** Stored data follows **

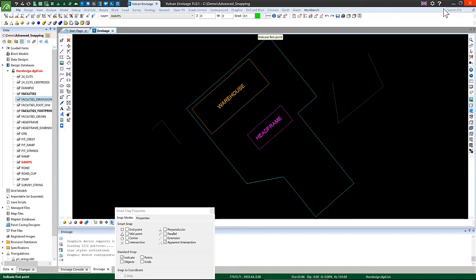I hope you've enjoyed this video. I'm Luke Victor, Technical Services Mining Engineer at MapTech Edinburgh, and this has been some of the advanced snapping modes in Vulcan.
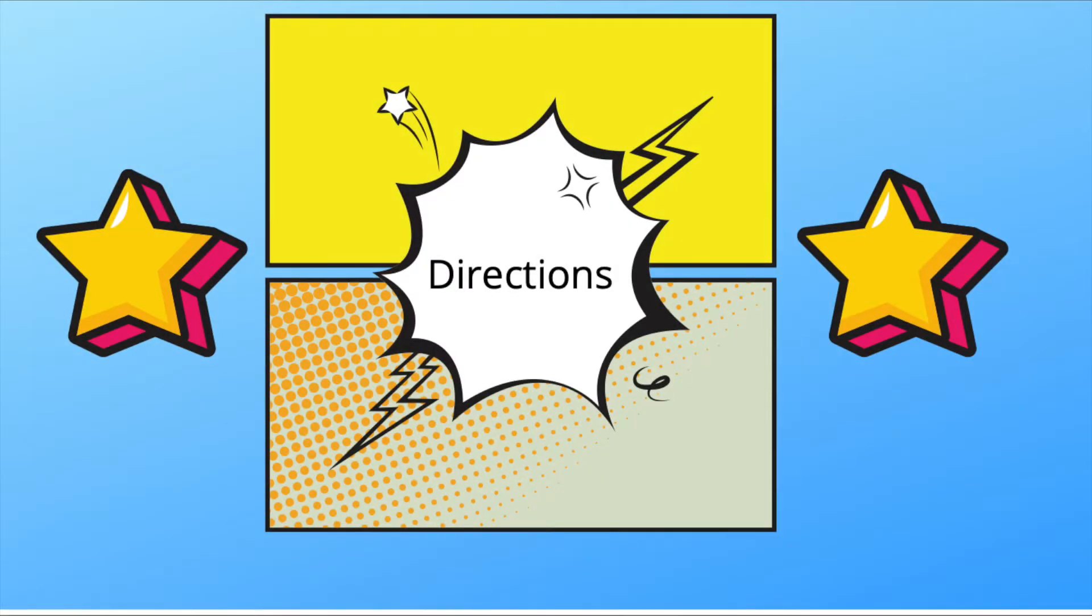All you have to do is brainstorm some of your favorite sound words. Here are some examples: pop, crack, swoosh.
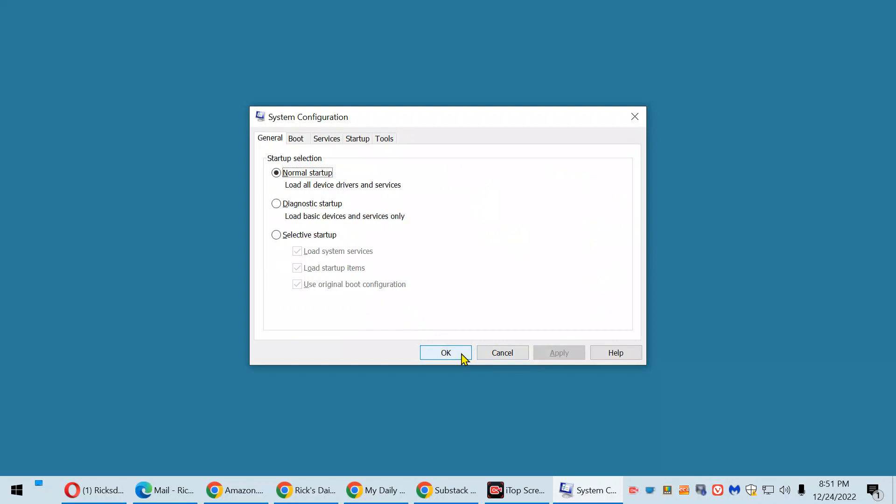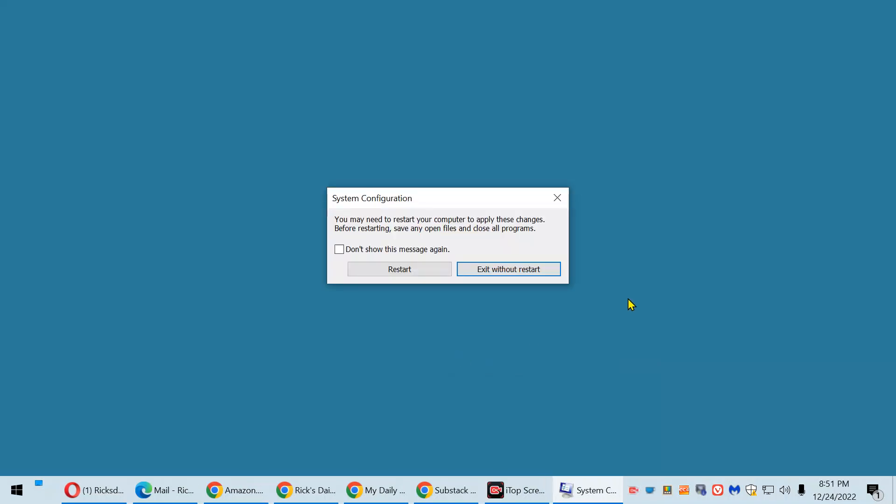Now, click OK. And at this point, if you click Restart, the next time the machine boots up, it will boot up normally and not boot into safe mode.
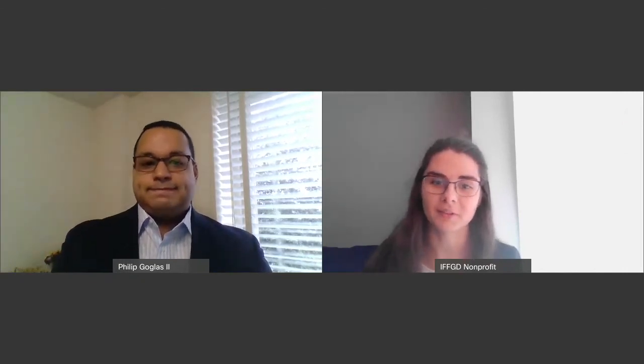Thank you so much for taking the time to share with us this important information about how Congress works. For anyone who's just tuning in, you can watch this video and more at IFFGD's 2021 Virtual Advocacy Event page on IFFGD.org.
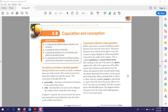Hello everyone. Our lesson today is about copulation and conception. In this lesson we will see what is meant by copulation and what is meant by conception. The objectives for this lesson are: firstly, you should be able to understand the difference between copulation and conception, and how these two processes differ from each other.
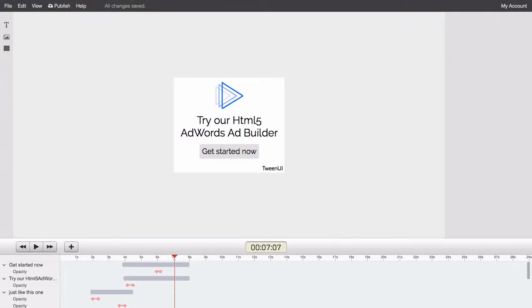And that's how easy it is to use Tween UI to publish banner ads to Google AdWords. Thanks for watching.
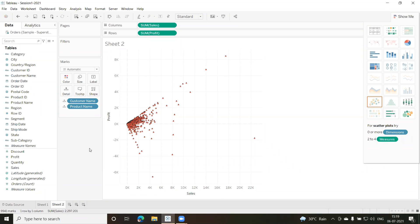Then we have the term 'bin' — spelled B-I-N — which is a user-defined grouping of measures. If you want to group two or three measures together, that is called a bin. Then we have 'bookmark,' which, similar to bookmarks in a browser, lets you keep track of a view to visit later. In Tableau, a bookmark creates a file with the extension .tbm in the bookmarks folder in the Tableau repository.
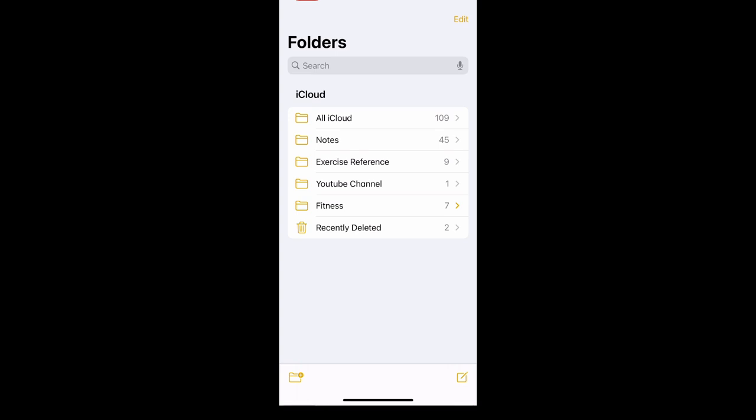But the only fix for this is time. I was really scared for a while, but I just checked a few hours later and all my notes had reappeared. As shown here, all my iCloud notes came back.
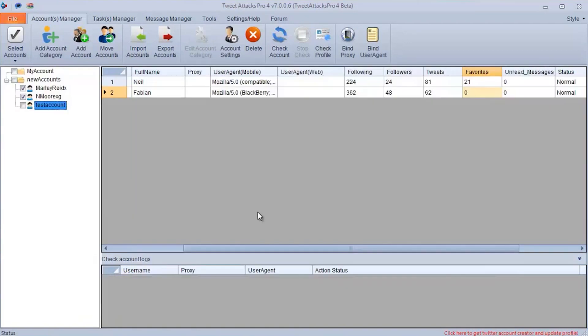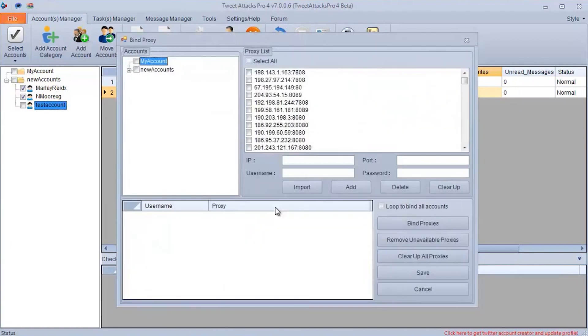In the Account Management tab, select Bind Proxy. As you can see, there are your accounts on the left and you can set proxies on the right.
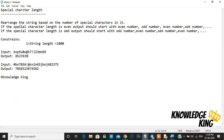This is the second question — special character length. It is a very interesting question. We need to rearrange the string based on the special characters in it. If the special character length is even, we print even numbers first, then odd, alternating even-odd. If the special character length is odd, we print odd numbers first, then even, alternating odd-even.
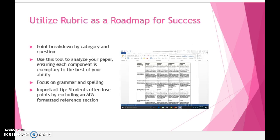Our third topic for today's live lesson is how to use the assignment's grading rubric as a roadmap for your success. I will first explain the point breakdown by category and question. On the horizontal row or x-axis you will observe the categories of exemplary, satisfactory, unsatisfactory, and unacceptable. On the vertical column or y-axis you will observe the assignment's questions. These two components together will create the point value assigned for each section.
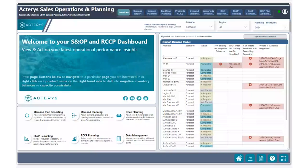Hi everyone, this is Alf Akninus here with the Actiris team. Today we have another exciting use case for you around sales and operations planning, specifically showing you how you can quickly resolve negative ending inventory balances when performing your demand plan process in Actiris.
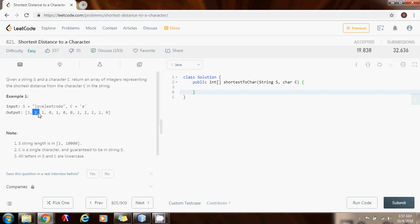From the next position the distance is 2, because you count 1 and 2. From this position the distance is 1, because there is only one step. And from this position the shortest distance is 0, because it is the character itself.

** End of Stored data **

**To do:** Copy the entries above exactly, but only the stretch from the line containing "Then we have the" through the line containing "Hi everyone, this". Keep both end lines; drop the pictures.

**Written solution:**
Then we have the term 'bin' — spelled B-I-N — which is a user-defined grouping of measures. If you want to group two or three measures together, that is called a bin. Then we have 'bookmark,' which, similar to bookmarks in a browser, lets you keep track of a view to visit later. In Tableau, a bookmark creates a file with the extension .tbm in the bookmarks folder in the Tableau repository.
But the only fix for this is time. I was really scared for a while, but I just checked a few hours later and all my notes had reappeared. As shown here, all my iCloud notes came back.
In the Account Management tab, select Bind Proxy. As you can see, there are your accounts on the left and you can set proxies on the right.
This is the second question — special character length. It is a very interesting question. We need to rearrange the string based on the special characters in it. If the special character length is even, we print even numbers first, then odd, alternating even-odd. If the special character length is odd, we print odd numbers first, then even, alternating odd-even.
Our third topic for today's live lesson is how to use the assignment's grading rubric as a roadmap for your success. I will first explain the point breakdown by category and question. On the horizontal row or x-axis you will observe the categories of exemplary, satisfactory, unsatisfactory, and unacceptable. On the vertical column or y-axis you will observe the assignment's questions. These two components together will create the point value assigned for each section.
Hi everyone, this is Alf Akninus here with the Actiris team. Today we have another exciting use case for you around sales and operations planning, specifically showing you how you can quickly resolve negative ending inventory balances when performing your demand plan process in Actiris.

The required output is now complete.